→ INFORMATION SUPPLIED:
- Opening Delimiter -

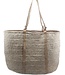 Straw bag with beige leather Medium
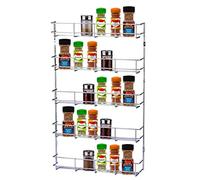 Buckingham 5 Tier Cupboad Spice Jar Organising Rack , Width 38.5 Cm, Silver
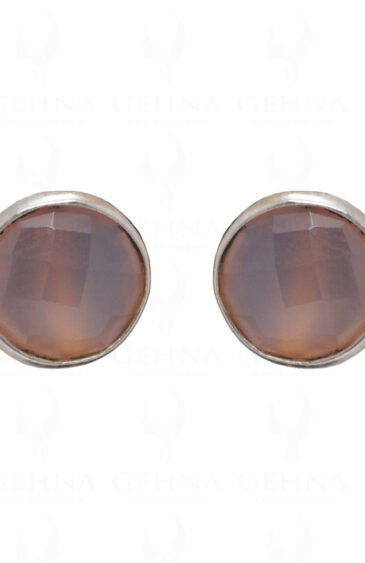 Rose Quartz Round Shaped Gemstone Studded 925 Solid Silver Earrings SE04-1014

- Closing Delimiter -

Beginning with the line that bears "Buckingham 5 Tier", output each line through the last line of the listing exactly, and no others; skip the pictures.

→ ANSWER SECTION:
 Buckingham 5 Tier Cupboad Spice Jar Organising Rack , Width 38.5 Cm, Silver
 Rose Quartz Round Shaped Gemstone Studded 925 Solid Silver Earrings SE04-1014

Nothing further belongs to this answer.